Crawled caption data:

Content starts

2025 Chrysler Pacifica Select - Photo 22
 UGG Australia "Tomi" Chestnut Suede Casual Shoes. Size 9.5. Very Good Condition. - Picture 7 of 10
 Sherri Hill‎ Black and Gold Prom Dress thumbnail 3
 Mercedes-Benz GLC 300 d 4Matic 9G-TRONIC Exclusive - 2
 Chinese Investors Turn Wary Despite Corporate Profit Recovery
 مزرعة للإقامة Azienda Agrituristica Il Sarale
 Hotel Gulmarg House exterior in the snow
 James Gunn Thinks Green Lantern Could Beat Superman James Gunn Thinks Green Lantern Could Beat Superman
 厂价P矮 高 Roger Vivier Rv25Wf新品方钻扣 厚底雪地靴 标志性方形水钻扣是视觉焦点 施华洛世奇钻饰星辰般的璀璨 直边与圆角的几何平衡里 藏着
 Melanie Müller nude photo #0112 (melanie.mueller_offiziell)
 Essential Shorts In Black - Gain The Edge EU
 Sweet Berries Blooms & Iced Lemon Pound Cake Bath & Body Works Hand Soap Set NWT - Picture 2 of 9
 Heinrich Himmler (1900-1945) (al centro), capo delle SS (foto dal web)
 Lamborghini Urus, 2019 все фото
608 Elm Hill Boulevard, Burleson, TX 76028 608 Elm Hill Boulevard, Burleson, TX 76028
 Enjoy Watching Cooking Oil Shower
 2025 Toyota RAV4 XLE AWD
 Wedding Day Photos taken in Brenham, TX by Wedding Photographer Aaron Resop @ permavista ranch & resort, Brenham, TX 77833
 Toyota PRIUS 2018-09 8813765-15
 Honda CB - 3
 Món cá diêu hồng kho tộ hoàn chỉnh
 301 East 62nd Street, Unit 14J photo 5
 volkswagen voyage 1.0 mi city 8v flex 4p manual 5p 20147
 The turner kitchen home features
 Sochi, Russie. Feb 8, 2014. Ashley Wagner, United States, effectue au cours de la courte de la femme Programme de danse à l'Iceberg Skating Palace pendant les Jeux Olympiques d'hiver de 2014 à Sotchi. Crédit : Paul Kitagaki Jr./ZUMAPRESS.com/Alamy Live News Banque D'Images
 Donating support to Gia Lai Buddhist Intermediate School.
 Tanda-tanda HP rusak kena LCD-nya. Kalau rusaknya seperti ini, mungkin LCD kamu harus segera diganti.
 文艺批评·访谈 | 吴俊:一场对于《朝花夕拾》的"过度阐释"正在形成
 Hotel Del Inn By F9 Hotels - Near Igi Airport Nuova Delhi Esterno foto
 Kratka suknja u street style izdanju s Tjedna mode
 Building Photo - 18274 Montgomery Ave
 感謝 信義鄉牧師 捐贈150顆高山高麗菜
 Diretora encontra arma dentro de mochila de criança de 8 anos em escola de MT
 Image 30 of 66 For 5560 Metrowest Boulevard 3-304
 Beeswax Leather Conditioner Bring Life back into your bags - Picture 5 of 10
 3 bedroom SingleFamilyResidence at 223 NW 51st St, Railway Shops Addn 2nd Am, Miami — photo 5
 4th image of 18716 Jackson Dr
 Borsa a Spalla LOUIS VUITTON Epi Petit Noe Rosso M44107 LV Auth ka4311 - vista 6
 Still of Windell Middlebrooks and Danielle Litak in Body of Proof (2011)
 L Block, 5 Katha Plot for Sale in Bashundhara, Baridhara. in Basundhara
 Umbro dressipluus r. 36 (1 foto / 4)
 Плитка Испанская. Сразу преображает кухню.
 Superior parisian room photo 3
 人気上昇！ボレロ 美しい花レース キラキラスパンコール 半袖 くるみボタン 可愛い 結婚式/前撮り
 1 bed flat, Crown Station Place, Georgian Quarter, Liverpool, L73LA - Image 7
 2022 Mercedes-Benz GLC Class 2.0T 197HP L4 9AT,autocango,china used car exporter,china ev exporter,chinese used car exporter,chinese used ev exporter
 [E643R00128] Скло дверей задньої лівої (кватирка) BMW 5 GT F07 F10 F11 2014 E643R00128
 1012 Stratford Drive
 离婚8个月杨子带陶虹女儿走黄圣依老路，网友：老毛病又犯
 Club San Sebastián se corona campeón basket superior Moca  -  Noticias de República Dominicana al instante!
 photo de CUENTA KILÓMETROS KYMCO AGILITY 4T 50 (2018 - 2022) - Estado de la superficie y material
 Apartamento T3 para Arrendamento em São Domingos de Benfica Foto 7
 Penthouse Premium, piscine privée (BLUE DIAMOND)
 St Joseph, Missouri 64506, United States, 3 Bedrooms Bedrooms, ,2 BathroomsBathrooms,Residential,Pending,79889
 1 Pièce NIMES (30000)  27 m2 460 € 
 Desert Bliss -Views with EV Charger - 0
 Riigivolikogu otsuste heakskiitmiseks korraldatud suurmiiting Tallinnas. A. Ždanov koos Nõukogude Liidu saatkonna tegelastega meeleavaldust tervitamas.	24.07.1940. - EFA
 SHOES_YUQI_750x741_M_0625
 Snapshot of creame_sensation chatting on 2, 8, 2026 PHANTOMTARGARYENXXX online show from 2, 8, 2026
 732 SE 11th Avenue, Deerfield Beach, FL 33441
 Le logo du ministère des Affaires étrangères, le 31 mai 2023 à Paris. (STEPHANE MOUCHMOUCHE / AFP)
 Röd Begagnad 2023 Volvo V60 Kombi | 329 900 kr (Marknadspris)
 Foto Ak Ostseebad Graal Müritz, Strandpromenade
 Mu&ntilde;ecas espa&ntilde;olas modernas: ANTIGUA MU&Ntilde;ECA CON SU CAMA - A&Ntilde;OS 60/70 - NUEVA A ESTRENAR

Content ends

● **Action item**
Once the line with "Diretora encontra arma" is found in the records above, print exactly that line and every line after it through the line with "离婚8个月杨子带陶虹女儿走黄圣依老路，网友：老毛病又犯".

● **Answer to the problem**
 Diretora encontra arma dentro de mochila de criança de 8 anos em escola de MT
 Image 30 of 66 For 5560 Metrowest Boulevard 3-304
 Beeswax Leather Conditioner Bring Life back into your bags - Picture 5 of 10
 3 bedroom SingleFamilyResidence at 223 NW 51st St, Railway Shops Addn 2nd Am, Miami — photo 5
 4th image of 18716 Jackson Dr
 Borsa a Spalla LOUIS VUITTON Epi Petit Noe Rosso M44107 LV Auth ka4311 - vista 6
 Still of Windell Middlebrooks and Danielle Litak in Body of Proof (2011)
 L Block, 5 Katha Plot for Sale in Bashundhara, Baridhara. in Basundhara
 Umbro dressipluus r. 36 (1 foto / 4)
 Плитка Испанская. Сразу преображает кухню.
 Superior parisian room photo 3
 人気上昇！ボレロ 美しい花レース キラキラスパンコール 半袖 くるみボタン 可愛い 結婚式/前撮り
 1 bed flat, Crown Station Place, Georgian Quarter, Liverpool, L73LA - Image 7
 2022 Mercedes-Benz GLC Class 2.0T 197HP L4 9AT,autocango,china used car exporter,china ev exporter,chinese used car exporter,chinese used ev exporter
 [E643R00128] Скло дверей задньої лівої (кватирка) BMW 5 GT F07 F10 F11 2014 E643R00128
 1012 Stratford Drive
 离婚8个月杨子带陶虹女儿走黄圣依老路，网友：老毛病又犯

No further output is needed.